▶ _Brief_
Beginning at the line containing "Cover for Jadilson", give again every line through the end of the data, unchanged and with both ends included. Drop any pictures.
+++ Task input
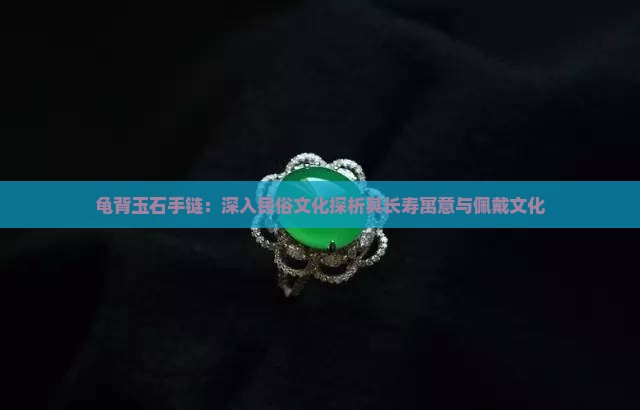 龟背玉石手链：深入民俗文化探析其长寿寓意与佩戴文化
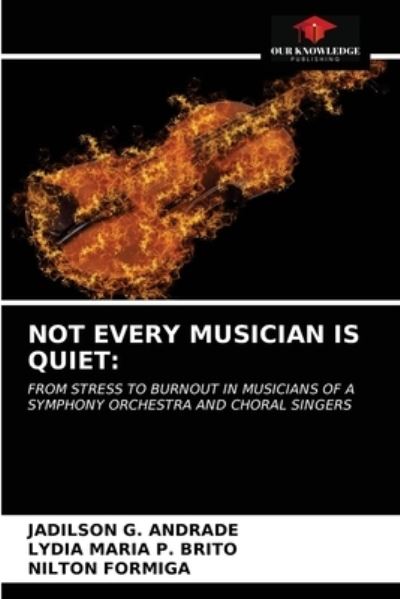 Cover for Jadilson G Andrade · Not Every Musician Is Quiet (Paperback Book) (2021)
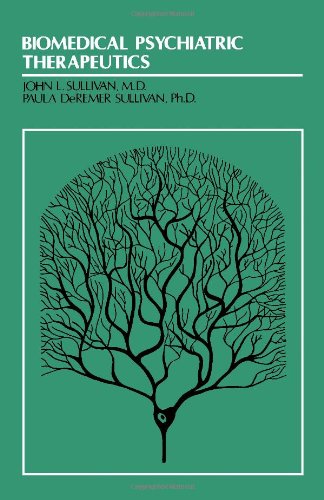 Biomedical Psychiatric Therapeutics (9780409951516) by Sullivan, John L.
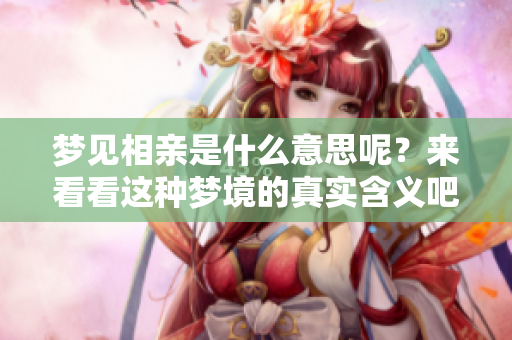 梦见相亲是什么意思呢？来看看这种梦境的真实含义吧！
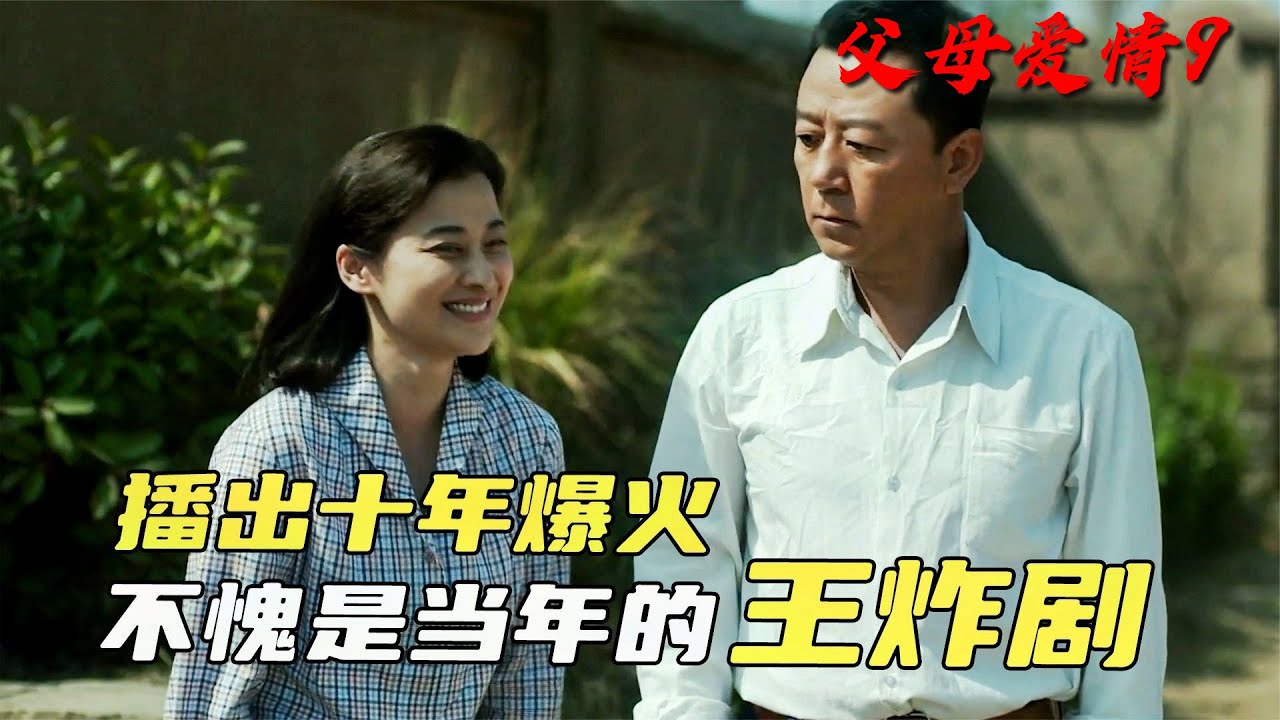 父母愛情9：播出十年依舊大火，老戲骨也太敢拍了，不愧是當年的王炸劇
++++++
▶ _Output of the task_
 Cover for Jadilson G Andrade · Not Every Musician Is Quiet (Paperback Book) (2021)
 Biomedical Psychiatric Therapeutics (9780409951516) by Sullivan, John L.
 梦见相亲是什么意思呢？来看看这种梦境的真实含义吧！
 父母愛情9：播出十年依舊大火，老戲骨也太敢拍了，不愧是當年的王炸劇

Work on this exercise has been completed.